**Task brief:** From the entries below, return only the lines starting at the one that contains "copper gold feathertail" and ending at the one that contains "кор: Продаю |", exactly as they stand.

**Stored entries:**
----------
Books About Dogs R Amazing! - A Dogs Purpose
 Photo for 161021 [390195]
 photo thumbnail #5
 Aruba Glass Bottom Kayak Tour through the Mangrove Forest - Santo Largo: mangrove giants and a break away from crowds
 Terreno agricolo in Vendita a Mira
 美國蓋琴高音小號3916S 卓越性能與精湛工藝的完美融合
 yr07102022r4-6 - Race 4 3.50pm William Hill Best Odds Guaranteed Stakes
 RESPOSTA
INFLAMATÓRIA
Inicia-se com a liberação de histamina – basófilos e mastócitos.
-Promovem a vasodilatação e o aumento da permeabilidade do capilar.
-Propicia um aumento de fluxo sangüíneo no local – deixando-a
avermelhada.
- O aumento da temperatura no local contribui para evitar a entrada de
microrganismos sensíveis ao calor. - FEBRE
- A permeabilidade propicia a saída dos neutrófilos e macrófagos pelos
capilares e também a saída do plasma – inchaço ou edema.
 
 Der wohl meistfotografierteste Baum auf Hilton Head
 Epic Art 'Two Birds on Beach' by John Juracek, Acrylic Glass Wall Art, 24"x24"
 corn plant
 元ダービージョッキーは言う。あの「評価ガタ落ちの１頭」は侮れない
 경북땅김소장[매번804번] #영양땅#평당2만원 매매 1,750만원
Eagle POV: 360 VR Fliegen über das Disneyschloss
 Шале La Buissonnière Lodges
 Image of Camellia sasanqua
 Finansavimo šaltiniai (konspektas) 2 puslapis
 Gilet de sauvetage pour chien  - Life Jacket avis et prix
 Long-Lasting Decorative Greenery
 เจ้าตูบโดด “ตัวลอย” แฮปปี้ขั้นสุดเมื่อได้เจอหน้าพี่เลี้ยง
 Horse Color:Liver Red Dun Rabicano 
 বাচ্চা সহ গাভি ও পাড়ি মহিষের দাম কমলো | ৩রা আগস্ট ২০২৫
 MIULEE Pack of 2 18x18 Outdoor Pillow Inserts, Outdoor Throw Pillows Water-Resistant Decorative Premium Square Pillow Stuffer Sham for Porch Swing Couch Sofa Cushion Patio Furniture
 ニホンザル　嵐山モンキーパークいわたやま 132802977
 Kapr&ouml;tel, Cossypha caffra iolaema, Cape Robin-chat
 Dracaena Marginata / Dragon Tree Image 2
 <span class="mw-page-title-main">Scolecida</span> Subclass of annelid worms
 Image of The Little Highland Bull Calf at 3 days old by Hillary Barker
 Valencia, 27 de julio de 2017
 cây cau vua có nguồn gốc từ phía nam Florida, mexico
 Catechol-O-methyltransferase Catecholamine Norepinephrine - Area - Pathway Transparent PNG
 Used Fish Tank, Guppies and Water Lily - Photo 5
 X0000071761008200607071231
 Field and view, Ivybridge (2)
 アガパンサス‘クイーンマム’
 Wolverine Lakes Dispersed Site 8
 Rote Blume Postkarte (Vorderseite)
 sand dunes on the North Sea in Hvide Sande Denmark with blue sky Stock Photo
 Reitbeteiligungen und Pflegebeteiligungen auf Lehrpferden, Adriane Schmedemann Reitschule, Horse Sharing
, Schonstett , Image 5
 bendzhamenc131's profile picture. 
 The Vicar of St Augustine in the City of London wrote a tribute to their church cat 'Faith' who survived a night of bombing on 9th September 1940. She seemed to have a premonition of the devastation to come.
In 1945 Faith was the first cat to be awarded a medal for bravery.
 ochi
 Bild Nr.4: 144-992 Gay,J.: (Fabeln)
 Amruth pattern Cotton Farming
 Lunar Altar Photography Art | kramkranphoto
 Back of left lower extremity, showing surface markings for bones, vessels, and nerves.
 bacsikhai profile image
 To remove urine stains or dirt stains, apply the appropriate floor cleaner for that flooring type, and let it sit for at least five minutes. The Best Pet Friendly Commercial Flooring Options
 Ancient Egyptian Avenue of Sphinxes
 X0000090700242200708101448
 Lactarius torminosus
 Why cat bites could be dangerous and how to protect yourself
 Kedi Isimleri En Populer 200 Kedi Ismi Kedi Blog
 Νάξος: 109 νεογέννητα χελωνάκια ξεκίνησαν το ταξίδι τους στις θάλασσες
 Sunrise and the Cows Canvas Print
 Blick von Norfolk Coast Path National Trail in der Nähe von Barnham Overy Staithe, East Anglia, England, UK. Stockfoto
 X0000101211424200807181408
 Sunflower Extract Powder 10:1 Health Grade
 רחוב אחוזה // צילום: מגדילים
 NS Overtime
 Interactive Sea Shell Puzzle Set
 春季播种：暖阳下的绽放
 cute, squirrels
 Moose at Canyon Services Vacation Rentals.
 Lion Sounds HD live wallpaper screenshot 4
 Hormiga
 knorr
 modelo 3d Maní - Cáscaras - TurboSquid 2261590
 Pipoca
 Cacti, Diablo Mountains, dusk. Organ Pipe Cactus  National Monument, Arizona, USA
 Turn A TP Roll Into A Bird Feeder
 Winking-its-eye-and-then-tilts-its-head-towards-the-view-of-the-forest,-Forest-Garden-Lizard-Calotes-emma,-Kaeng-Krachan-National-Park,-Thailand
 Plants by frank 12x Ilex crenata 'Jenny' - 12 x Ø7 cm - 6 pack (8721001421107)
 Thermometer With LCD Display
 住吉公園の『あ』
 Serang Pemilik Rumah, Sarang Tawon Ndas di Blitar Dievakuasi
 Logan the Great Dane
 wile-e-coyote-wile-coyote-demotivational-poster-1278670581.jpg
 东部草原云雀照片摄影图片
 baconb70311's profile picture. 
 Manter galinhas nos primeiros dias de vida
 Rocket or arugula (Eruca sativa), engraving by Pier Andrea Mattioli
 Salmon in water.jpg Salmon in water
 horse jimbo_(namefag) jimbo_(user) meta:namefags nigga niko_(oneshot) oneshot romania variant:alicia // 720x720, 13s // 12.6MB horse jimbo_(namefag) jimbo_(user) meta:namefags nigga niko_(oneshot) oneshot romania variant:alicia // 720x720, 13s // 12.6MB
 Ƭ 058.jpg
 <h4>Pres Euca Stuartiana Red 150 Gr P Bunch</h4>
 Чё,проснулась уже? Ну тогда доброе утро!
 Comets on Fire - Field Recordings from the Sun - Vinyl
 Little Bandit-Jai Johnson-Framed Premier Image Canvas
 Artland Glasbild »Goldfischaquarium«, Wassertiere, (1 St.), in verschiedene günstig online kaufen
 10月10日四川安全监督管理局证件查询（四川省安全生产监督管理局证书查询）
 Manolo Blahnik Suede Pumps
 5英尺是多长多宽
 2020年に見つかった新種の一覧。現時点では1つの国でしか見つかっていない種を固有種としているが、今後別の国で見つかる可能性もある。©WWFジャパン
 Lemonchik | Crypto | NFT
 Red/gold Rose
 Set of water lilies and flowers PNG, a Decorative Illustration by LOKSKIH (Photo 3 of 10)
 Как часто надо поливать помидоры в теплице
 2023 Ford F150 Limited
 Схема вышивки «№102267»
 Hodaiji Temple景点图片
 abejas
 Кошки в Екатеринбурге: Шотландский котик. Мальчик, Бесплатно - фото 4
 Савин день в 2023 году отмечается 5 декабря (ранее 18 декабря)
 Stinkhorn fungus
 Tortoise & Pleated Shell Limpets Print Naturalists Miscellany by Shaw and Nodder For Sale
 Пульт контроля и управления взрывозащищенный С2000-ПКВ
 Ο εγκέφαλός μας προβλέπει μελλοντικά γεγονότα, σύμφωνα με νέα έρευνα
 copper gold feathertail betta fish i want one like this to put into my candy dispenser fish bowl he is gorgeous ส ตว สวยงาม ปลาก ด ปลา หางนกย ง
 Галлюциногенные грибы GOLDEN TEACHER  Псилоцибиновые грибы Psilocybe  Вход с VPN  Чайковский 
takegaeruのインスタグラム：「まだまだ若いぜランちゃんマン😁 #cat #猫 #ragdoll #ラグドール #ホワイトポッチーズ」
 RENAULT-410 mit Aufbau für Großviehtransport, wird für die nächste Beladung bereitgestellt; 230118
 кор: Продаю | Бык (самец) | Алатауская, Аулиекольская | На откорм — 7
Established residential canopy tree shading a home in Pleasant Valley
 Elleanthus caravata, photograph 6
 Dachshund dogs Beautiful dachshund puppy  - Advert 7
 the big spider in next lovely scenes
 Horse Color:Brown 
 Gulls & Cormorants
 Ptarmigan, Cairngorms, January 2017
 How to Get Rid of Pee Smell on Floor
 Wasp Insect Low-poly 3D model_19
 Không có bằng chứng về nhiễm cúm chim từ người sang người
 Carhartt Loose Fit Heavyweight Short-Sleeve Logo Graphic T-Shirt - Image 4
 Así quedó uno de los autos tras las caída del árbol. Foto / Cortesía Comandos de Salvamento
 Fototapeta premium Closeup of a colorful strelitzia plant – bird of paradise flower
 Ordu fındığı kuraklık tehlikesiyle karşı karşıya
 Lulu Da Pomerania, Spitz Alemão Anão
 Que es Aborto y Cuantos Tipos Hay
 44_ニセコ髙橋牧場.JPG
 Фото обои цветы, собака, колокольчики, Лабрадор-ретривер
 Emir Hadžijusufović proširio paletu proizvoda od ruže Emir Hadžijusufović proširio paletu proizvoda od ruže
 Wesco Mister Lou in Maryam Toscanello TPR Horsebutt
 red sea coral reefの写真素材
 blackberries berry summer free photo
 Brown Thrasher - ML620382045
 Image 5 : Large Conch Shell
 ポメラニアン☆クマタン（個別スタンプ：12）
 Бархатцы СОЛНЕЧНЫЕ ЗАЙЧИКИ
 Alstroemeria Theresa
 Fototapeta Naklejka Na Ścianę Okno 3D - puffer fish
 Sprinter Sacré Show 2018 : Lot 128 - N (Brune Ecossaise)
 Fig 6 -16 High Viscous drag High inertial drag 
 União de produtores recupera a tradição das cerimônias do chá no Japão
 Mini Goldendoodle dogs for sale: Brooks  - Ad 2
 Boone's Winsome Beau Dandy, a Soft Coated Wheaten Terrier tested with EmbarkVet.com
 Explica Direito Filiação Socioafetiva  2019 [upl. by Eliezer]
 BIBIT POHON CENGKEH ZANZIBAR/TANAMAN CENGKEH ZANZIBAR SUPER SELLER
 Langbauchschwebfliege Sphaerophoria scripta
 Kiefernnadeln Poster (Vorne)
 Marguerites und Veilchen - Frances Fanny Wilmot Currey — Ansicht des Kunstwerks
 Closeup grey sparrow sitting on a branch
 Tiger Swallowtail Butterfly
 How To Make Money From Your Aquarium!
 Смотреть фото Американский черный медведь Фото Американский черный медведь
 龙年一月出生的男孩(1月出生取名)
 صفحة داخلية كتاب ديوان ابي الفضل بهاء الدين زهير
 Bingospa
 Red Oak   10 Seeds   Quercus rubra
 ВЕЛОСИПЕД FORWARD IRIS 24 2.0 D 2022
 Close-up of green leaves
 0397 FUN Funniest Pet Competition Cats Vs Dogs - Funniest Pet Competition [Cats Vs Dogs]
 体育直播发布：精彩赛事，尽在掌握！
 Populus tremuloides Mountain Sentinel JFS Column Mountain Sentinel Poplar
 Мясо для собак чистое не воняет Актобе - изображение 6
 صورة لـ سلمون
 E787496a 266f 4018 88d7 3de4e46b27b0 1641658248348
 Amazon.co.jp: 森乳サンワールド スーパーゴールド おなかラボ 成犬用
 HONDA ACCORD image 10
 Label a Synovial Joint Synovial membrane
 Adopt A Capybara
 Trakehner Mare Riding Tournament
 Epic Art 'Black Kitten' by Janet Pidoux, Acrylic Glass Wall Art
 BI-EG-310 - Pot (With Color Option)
----------
**Response:**
 copper gold feathertail betta fish i want one like this to put into my candy dispenser fish bowl he is gorgeous ส ตว สวยงาม ปลาก ด ปลา หางนกย ง
 Галлюциногенные грибы GOLDEN TEACHER  Псилоцибиновые грибы Psilocybe  Вход с VPN  Чайковский 
takegaeruのインスタグラム：「まだまだ若いぜランちゃんマン😁 #cat #猫 #ragdoll #ラグドール #ホワイトポッチーズ」
 RENAULT-410 mit Aufbau für Großviehtransport, wird für die nächste Beladung bereitgestellt; 230118
 кор: Продаю | Бык (самец) | Алатауская, Аулиекольская | На откорм — 7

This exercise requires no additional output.